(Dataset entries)
-----

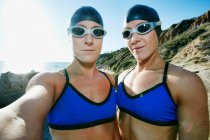 Дві сестри, триатлоністи тренуються в купальнику, плавають капелюхами та окулярах . — стокове фото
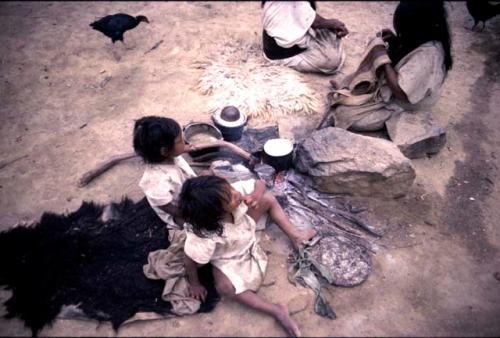 Two Ika children near fire
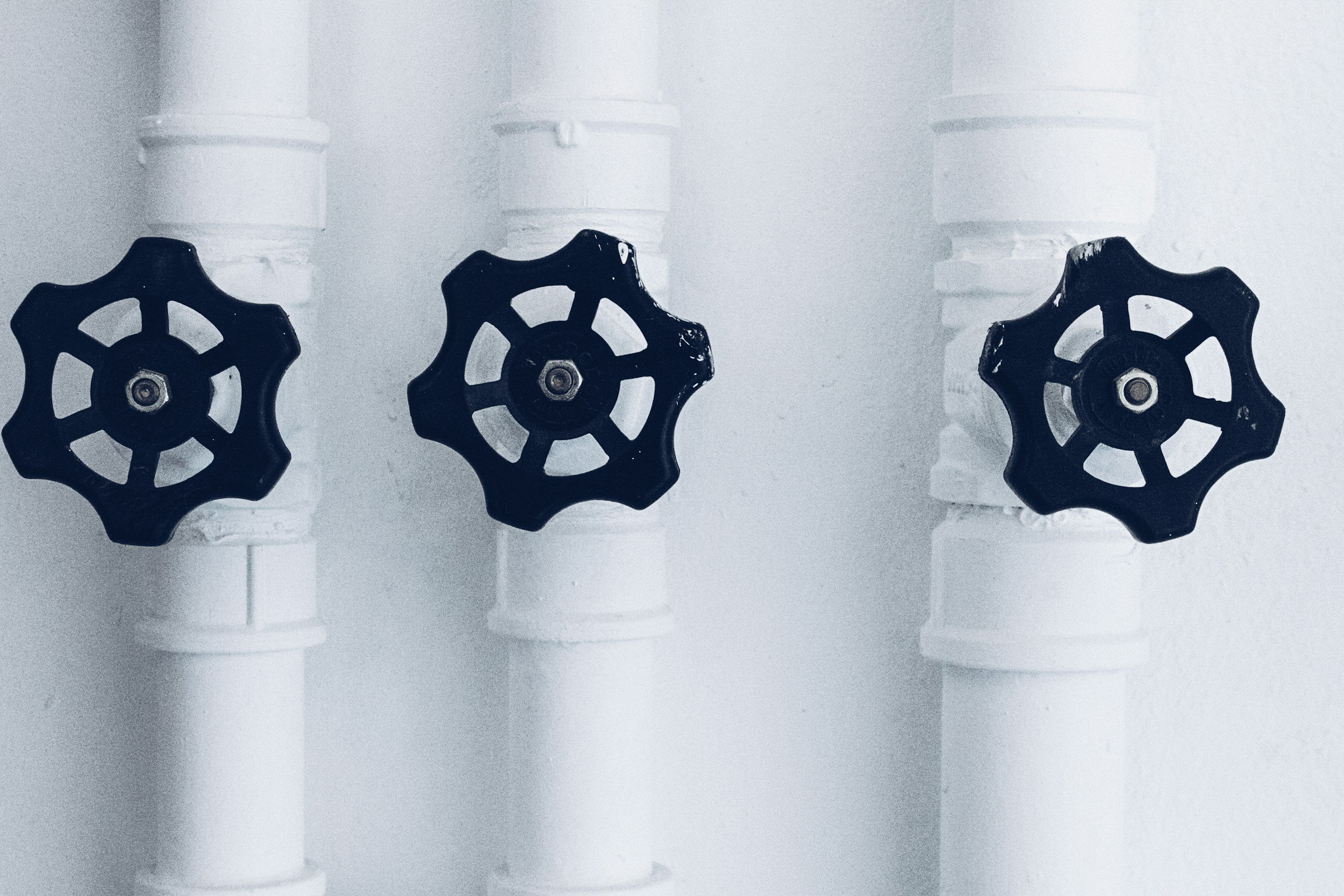 Trois robinets en plastique noir fixés sur des tubes en plastique blanc contre un mur blanc.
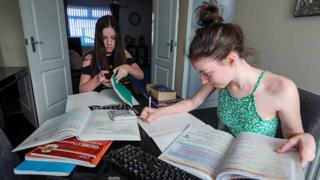 Two teenage girls do homework, April 2020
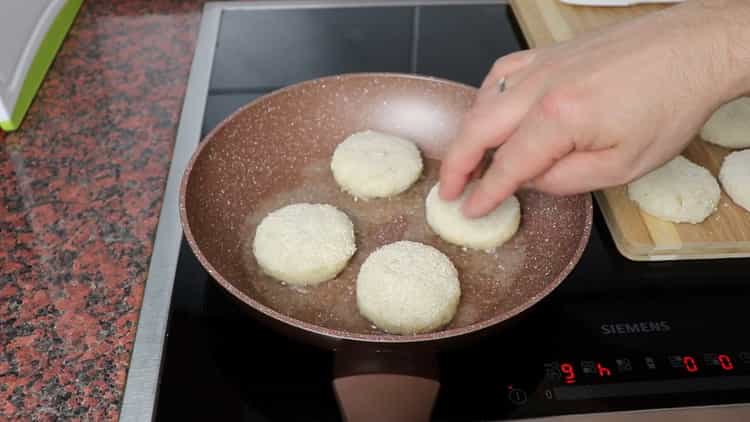 Fry the cod cutlets in a pan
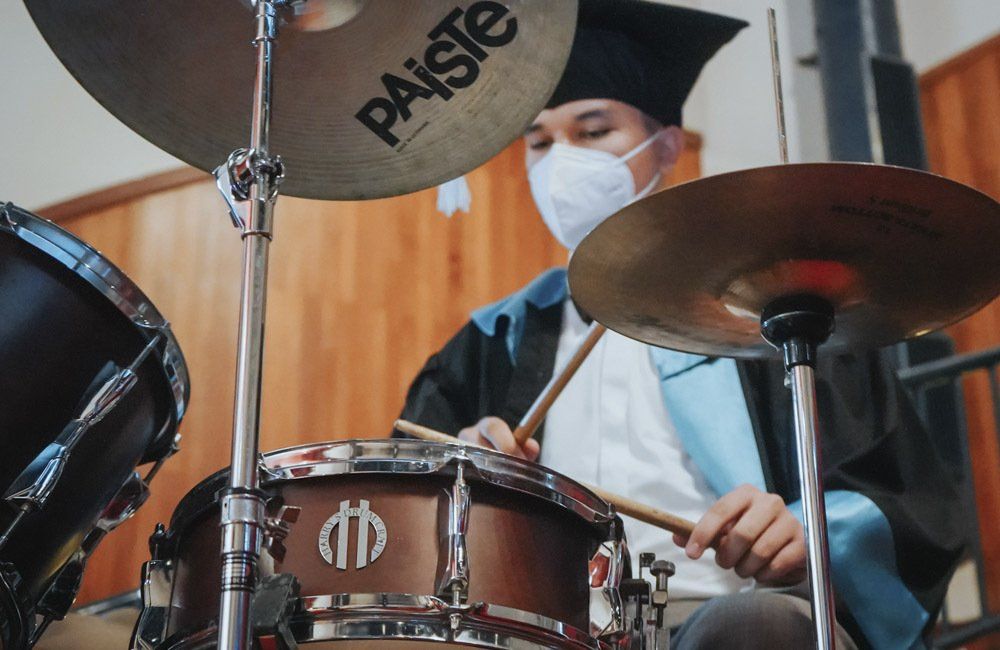 A man wearing a mask is playing drums with paiste cymbals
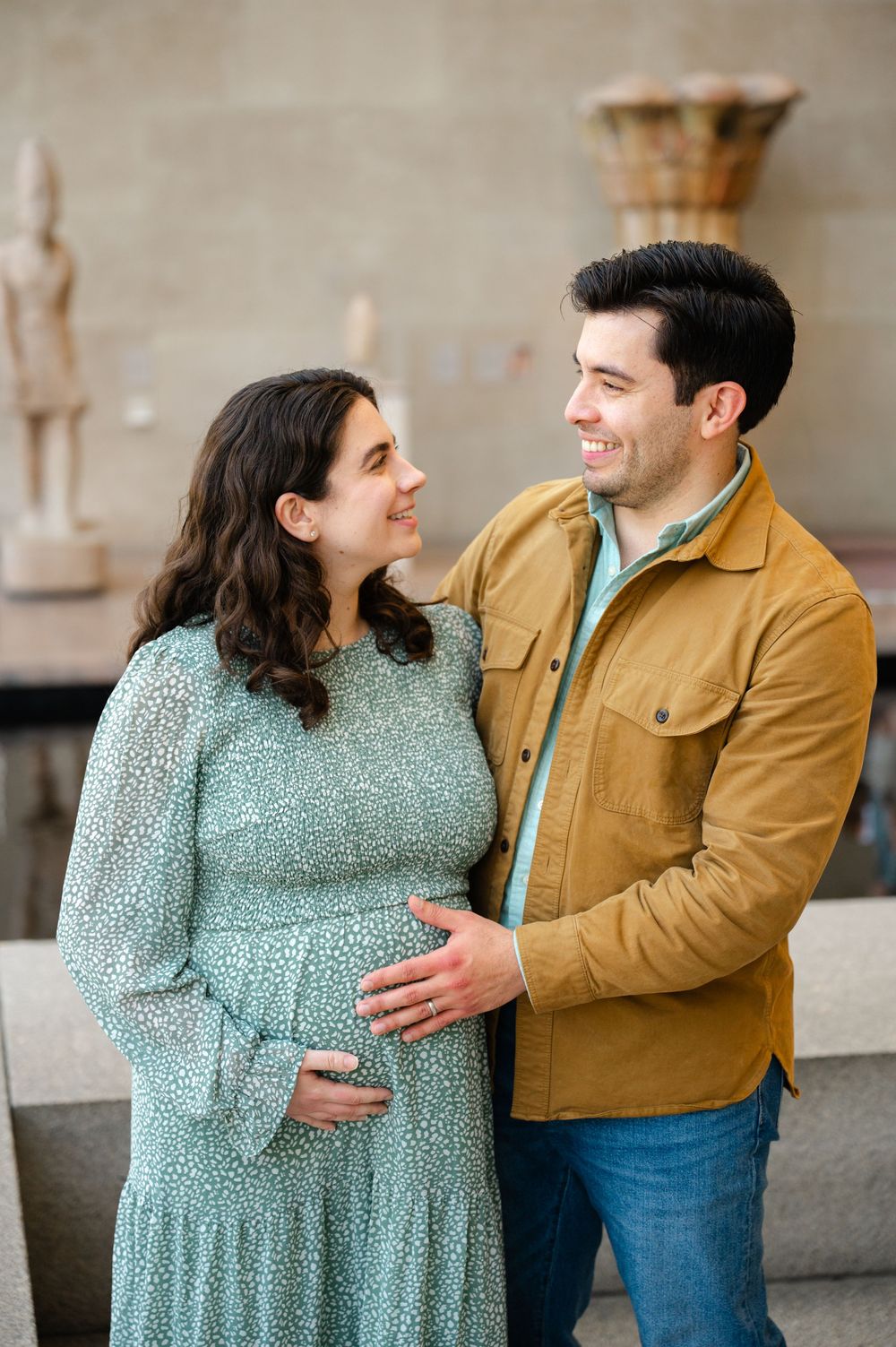 Smiling expectant couple gazing at each other lovingly, man's hand on pregnant belly, surrounded by museum artifacts.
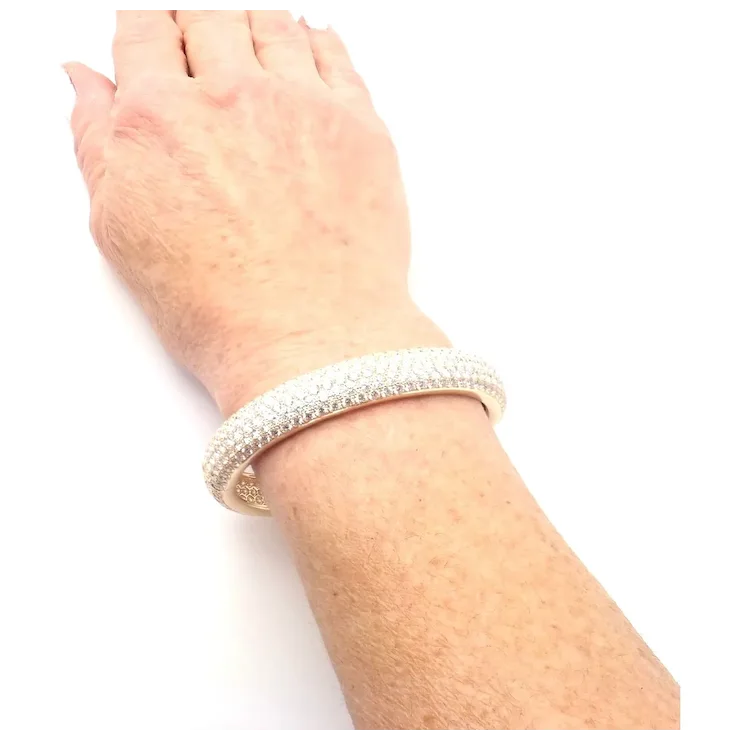 Silver bracelet on a wrist against a white background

-----

WHAT IS BEING ASKED: All records above are to be repeated exactly, with the images left out.

EXPECTED OUTPUT:
 Дві сестри, триатлоністи тренуються в купальнику, плавають капелюхами та окулярах . — стокове фото
 Two Ika children near fire
 Trois robinets en plastique noir fixés sur des tubes en plastique blanc contre un mur blanc.
 Two teenage girls do homework, April 2020
 Fry the cod cutlets in a pan
 A man wearing a mask is playing drums with paiste cymbals
 Smiling expectant couple gazing at each other lovingly, man's hand on pregnant belly, surrounded by museum artifacts.
 Silver bracelet on a wrist against a white background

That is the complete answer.